In apertura, un gruppo di Bust Busters in azione © Lorenzo Moscia
Liberano le spiagge dai rifiuti e si tuffano in mare per recuperare quanto ne contamina la superficie. I più esperti si immergono a fondo e portano via gli scarti che rischiano di raggiungere i fondali: bottiglie di vetro, pneumatici usurati, reti disperse durante la pesca. Sono i ragazzi che partecipano al progetto Bust Busters, ideato dal Centro per la giustizia minorile di Napoli con lo scopo di coinvolgere i giovani dell’area penale esterna in un percorso formativo guidato dai valori dell’ecosostenibilità e del vivere green. Ai destinatari, soggetti fragili che sono affidati in prova al servizio sociale o si trovano in comunità educative, viene offerta la possibilità di intraprendere una formazione da operatore tecnico subacqueo.
© Antonella Salvarezza
I Bust Busters, aspiranti sub professionisti, sviluppano quindi le competenze necessarie per ottenere il brevetto e iscriversi, se lo desiderano, all’albo dei sommozzatori. La strada tracciata conduce quindi al mondo del lavoro e costituisce una concreta opportunità di riscatto.
L’iniziativa, a cui collaborano tra gli altri il Raggruppamento subacquei e incursori della Marina militare di Napoli e Marenostrum archeoclub d’Italia, è doppiamente virtuosa. Da una parte mira infatti a ripulire le acque del mare, contribuendo alla salvaguardia di un ambiente delicato e compromesso, dall’altra rappresenta un’occasione di rinascita e crescita per giovani che vivono in situazioni di disagio.
© Antonella Salvarezza
L’azione ambientalista è partita da Borgo Marinari, caratteristico abitato che sorge ai piedi di Castel dell’Ovo, a Napoli, e si è estesa ad altri contesti, entro e oltre i confini del golfo che bagna la città partenopea.

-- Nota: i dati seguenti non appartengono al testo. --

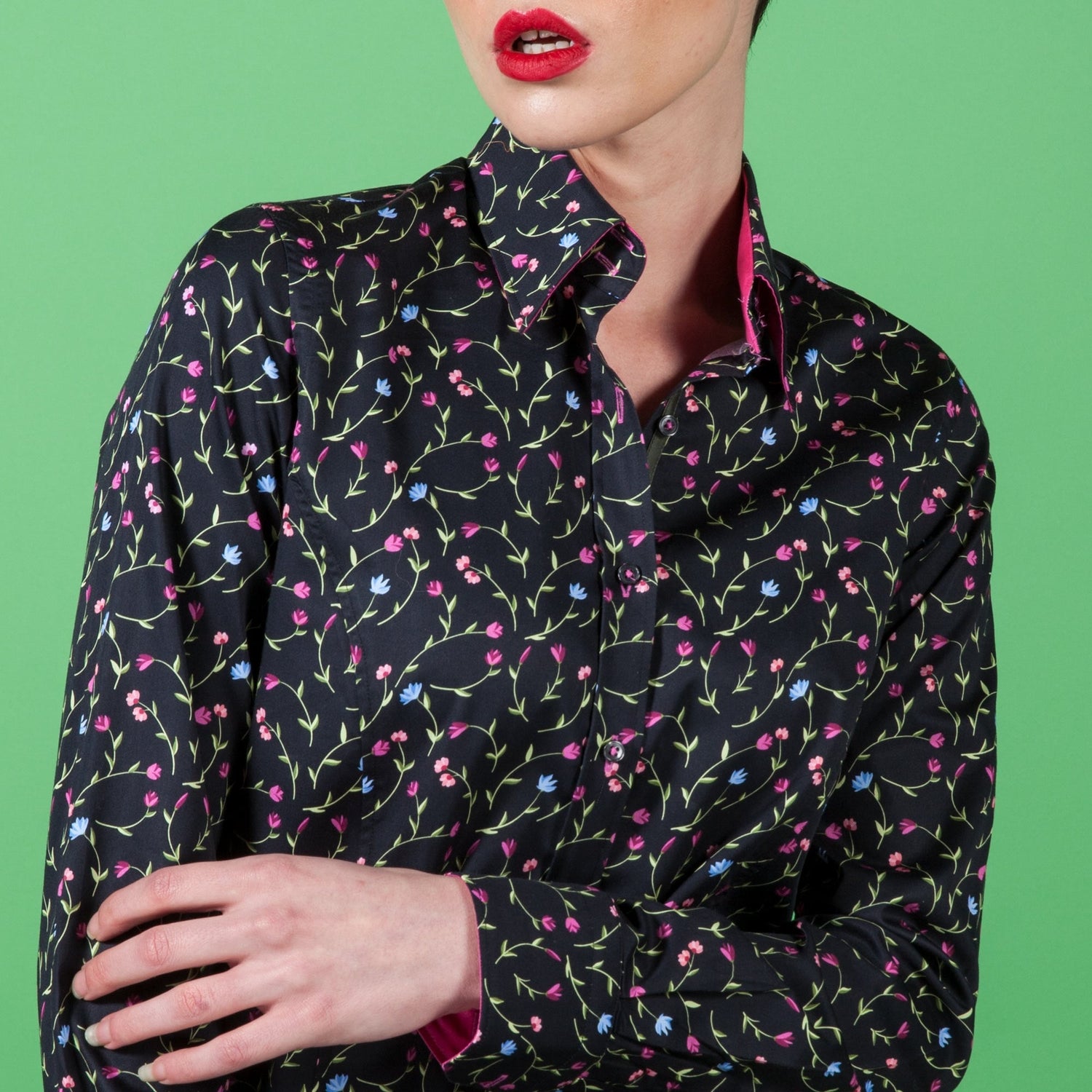 BLACK FLORAL MEDLEY WOMENS SHIRT - Premium Men's Patterned Shirt by Claudio Lugli | Bold Design, Tailored Fit, Best Printed Shirts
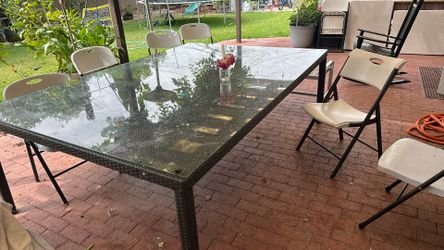 Outdoor Glass Top Table
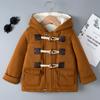 Boys and Girls Autumn Winter Solid Color Cotton Thick Kids Coat with Hooded
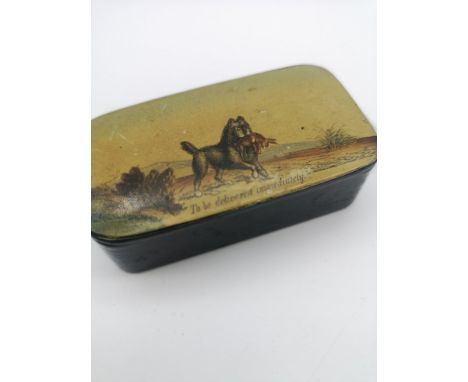 A Victorian snuff box depicting dog holding a rabbit in its mouth and titled 'To Be Delivered Immediately' Measures 2.5x7.5x4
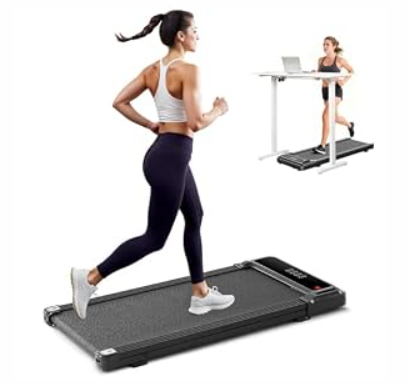 Aidoly Walking Pad Under Desk Treadmill, Portable Compact Electric Walking Treadmill, Quiet Fitness Machine with Remote Control & LED Display for Home Office, Black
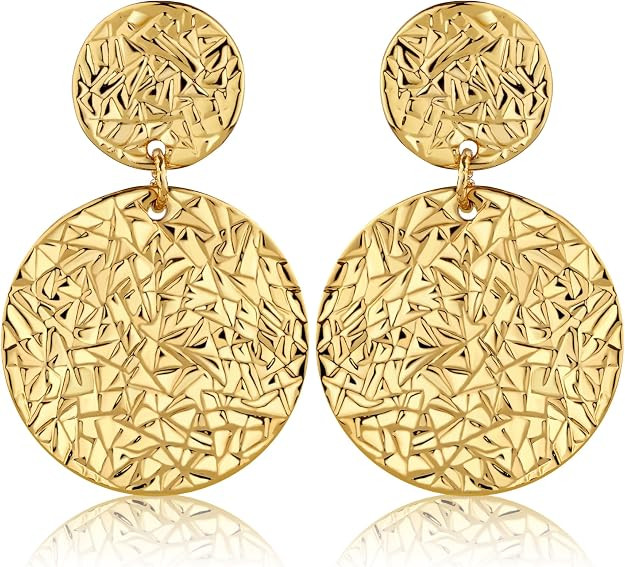 Gold Statement Earrings For Women 18K Gold Plated Sectored Flower Leaf Shell Angel Wing Earring L... | Amazon (US)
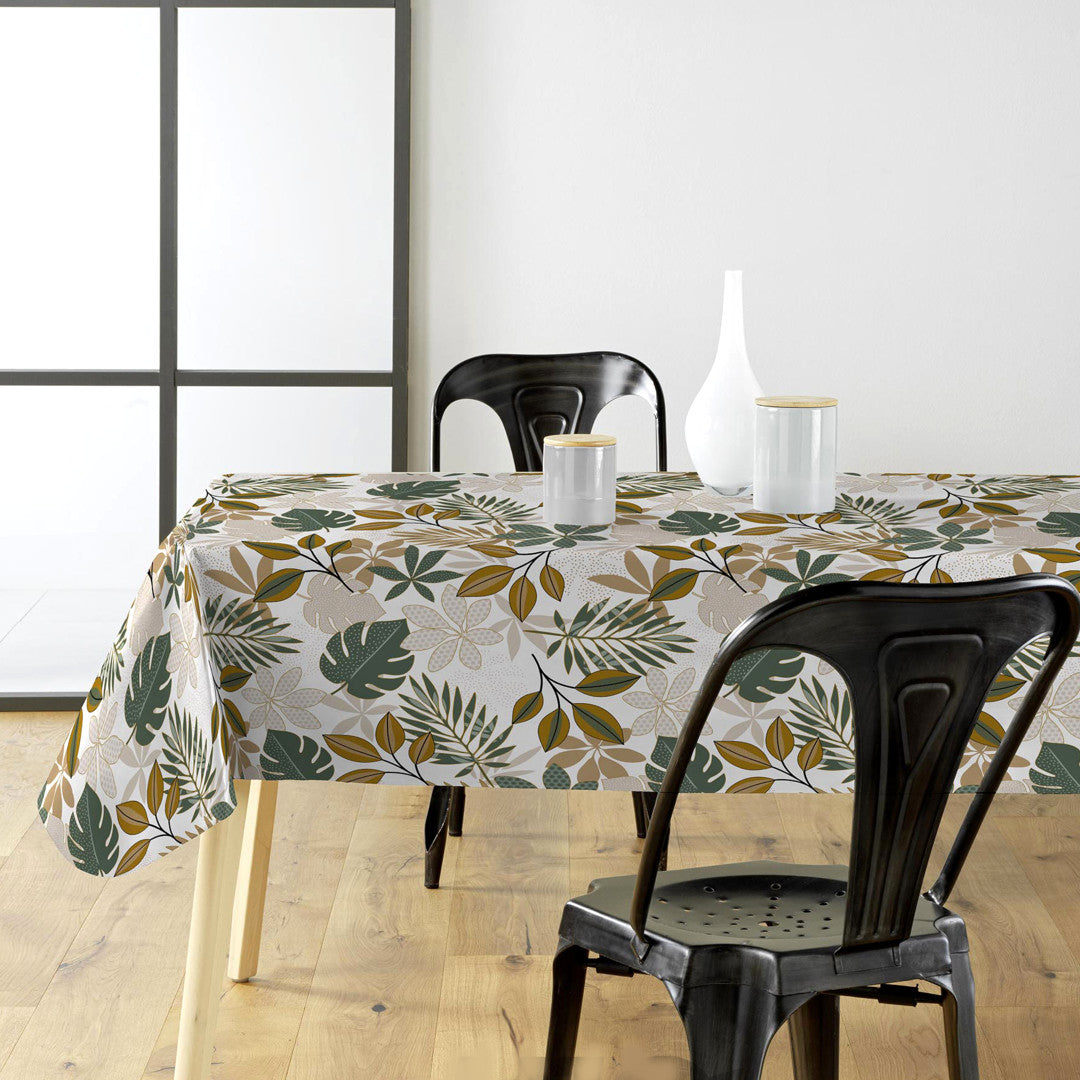Bruinelle Green Wachstuch Tischdecke mit Blättermuster in Grün und Beige in einer Ambienteaufnahme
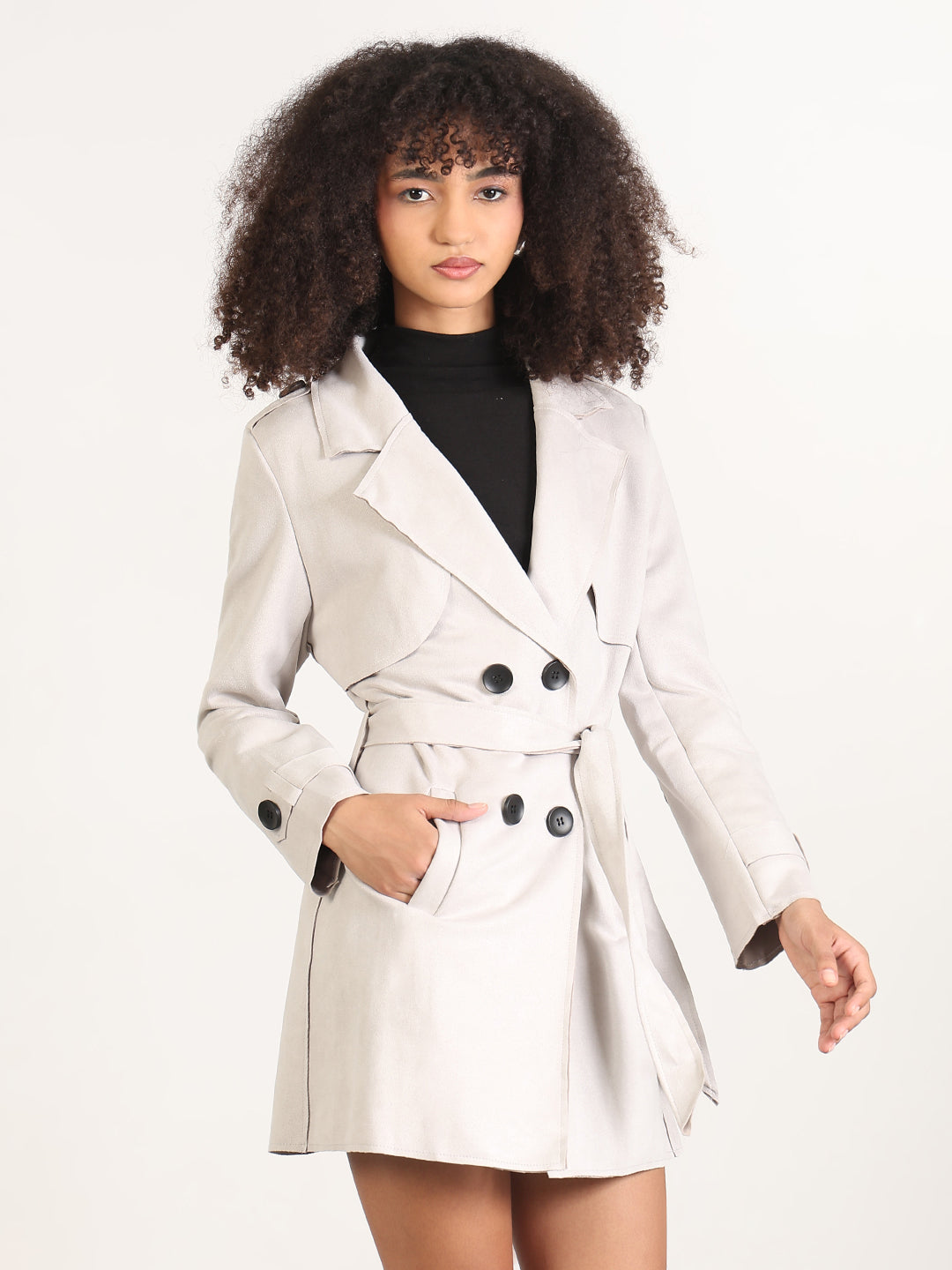 Women's Solid Grey Spread Collar Trench Coat with Fabric Belt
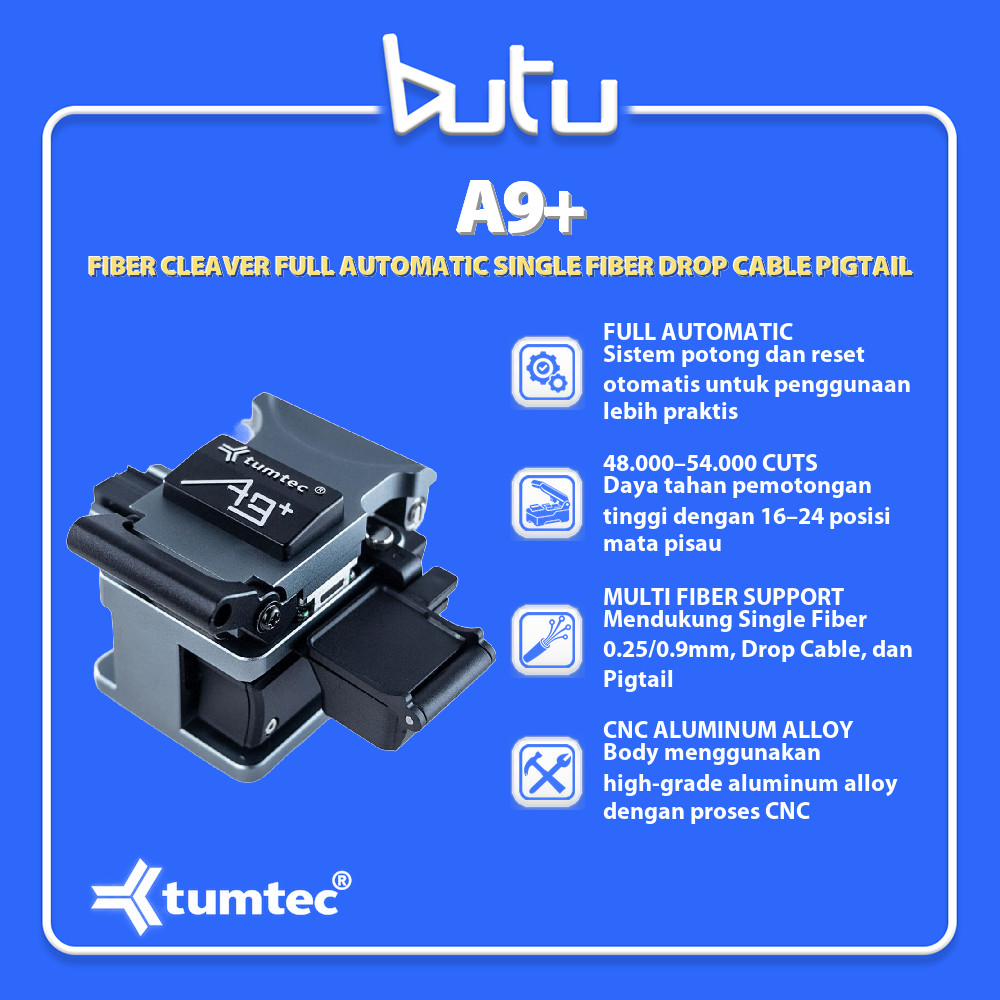 TUMTEC TMT-A9+ FIBER CLEAVER A9+ FULL AUTOMATIC SINGLE FIBER DROP CABLE PIGTAIL 48000-54000 CUTS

Insieme al nucleo sommozzatori della Marina militare e agli istruttori di Marenostrum archeoclub, la squadra di Bust Busters ha effettuato interventi di pulizia di spiagge e fondali nel Napoletano, dalla Marina di Meta di Sorrento al Molo Borbonico di Ercolano, dal Lago Fusaro di Bacoli al Molo Cappellini di Nisida. L’iniziativa promossa dal network di organi e istituzioni entusiasma i partecipanti anche per il carattere insolito dell’attività.
A sottolinearlo è Giuseppe Centomani, ex dirigente del Centro per la giustizia minorile di Napoli che ha ideato il progetto: «I mestieri del mare sono pericolosi, si tratta di un ambito lavorativo difficile da frequentare e questi ragazzi si stanno scoprendo capaci di fare qualcosa di particolarmente complesso ma anche utile».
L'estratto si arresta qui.